Uma das peças mais emblemáticas que integra a exposição é a obra “Tiradentes esquartejado”, produzida em 1893 – um ano após o centenário da execução do alferes – de autoria do artista brasileiro Pedro Américo de Figueiredo e Melo (1843-1905).

Dedicada aos estudos do acervo do Museu Mariano Procópio há mais de 20 anos, a historiadora Maraliz de Castro Vieira Christo conta que o pintor era conhecido por criar quadros ligados à memória do Império, como “Independência ou morte” e “Batalha do Avaí”. Com a República, ele perdeu o cargo de professor da Academia Imperial de Belas Artes e precisou reposicionar-se em relação ao novo regime.

Nas comemorações do centenário da execução de Tiradentes, em 1892, Américo percebeu ser esse um assunto interessante para mostrar-se um pintor de temas também republicanos e voltar a receber encomendas. “Ele foi para Florença e concebeu cinco quadros sobre a Conjuração Mineira, que terminaria com a imagem do Tiradentes esquartejado no cadafalso (estrutura de madeira onde condenados à morte eram executados). Ele fez vários estudos, mas finalizou apenas o último quadro. O artista o expôs no Rio de Janeiro, em julho de 1893, mas a obra foi mal recebida pela crítica, por representar um herói nacional aos pedaços, sendo considerada repugnante”, explica a pesquisadora.

A obra “Tiradentes esquartejado” só se tornaria nacionalmente conhecida a partir de 1969, com a publicação da enciclopédia “Os grandes personagens da nossa história”, da Editora Abril, quando ilustrou o fascículo sobre Tiradentes. “Como estávamos no período da ditadura militar, vários artistas contemporâneos se apropriaram da imagem produzida por Pedro Américo para denunciar a violência política. Ainda hoje, o quadro fala mais da violência sofrida por Tiradentes e menos das virtudes do herói republicano. Ele continua sendo apropriado como imagem forte da violência sobre o corpo”, avalia Maraliz.
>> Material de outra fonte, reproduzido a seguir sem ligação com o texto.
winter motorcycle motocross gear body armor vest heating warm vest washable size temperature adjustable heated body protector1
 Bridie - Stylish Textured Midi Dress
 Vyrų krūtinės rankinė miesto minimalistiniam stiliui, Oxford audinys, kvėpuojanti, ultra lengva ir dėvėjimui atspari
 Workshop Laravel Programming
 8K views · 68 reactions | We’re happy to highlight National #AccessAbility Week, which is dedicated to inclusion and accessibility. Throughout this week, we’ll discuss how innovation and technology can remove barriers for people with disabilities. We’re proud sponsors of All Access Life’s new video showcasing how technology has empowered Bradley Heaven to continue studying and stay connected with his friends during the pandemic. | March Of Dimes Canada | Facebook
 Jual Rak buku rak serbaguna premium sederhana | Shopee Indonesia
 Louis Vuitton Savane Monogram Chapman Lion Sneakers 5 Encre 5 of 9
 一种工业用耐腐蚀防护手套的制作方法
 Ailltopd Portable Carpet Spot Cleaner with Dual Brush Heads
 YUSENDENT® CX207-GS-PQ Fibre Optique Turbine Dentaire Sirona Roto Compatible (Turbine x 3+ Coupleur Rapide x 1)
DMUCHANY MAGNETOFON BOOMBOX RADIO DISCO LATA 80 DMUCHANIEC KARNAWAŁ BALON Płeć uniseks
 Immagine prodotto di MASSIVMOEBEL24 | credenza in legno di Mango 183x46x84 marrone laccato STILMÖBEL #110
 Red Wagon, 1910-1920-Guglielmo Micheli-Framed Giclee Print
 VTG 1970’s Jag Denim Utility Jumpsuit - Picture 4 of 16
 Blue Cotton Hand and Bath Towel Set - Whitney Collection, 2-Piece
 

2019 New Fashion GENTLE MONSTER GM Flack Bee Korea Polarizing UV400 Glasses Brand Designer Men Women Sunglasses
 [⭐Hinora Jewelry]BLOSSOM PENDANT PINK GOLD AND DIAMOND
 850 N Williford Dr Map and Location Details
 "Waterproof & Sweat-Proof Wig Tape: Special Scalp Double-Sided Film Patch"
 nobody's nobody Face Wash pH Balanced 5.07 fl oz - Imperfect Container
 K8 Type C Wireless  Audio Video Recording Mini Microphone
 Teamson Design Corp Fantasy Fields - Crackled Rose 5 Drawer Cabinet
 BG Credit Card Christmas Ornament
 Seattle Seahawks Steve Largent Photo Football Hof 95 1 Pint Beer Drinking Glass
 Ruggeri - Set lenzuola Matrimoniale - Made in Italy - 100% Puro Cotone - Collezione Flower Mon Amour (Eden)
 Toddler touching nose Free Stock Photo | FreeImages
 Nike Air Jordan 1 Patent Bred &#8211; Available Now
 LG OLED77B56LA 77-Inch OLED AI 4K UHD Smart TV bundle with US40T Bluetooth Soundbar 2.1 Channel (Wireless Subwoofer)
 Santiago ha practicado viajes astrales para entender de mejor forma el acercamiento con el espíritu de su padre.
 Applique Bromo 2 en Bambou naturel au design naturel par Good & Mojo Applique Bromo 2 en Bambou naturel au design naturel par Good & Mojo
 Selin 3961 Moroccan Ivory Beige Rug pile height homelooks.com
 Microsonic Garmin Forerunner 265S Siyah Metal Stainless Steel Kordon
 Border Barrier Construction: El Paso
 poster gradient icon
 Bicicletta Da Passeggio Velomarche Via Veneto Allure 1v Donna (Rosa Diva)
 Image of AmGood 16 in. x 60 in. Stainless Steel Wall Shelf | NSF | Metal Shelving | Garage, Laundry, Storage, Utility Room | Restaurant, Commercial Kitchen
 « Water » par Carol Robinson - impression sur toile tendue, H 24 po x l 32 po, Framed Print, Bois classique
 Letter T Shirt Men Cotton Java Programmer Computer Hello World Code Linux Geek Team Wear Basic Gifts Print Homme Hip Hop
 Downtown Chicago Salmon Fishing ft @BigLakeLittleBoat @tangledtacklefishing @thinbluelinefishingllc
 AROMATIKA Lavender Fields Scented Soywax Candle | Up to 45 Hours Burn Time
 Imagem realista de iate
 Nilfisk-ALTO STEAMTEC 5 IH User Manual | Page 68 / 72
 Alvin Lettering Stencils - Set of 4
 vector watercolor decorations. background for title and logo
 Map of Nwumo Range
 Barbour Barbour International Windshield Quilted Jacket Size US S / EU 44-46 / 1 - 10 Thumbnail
As cartas que D. Pedro I enviou à amante

Entre outros destaques, o museu contém quadros de expoentes da pintura europeia, como os franceses Charles François Daubigny (1817-1878) e Jean Honoré Fragonard (1732-1806), além do holandês Willem Roelofs (1822-1897).

Integrando a exposição de abertura e o acervo do museu também estão as cartas de Dom Pedro I (1798-1834) à amante Domitila de Castro Canto e Mello – a Marquesa de Santos (1797-1867) –, que marcam um dos casos extraconjugais mais longos do primeiro imperador do Brasil. Ele era casado com Maria Leopoldina da Áustria (1797-1826).

Nas correspondências, ele assinava como O Demonão, O Fogo Foguinho e O Imperador. Declarando seu amor e sua fidelidade à marquesa, o relacionamento, que começou em 1822, pouco antes da independência do Brasil, durou sete anos, sendo de conhecimento público, incluindo de sua esposa.

Os visitantes também terão acesso à última fotografia da família imperial, feita pelo fotógrafo Otto Hees, no Palácio Isabel, onde vivia a família da princesa Isabel, na cidade de Petrópolis, em 1889.

Os fardões usados nas cerimônias da maioridade e do casamento de Dom Pedro II também são um dos destaques do acervo. As peças – confeccionadas em lã e bordadas em fios de ouro – foram adquiridas por Alfredo Ferreira Lage para sua coleção, em 1926.

Um retrato de Dom Pedro II, feito por Joaquim da Rocha Fragoso, chama a atenção por uma curiosidade. A obra levou um tiro em 15 de novembro de 1889 – nas dependências da sede do governo do Pará –, quando o Brasil se tornava uma República Federativa Presidencialista. O autor do ataque, um simpatizante da República, nunca foi descoberto.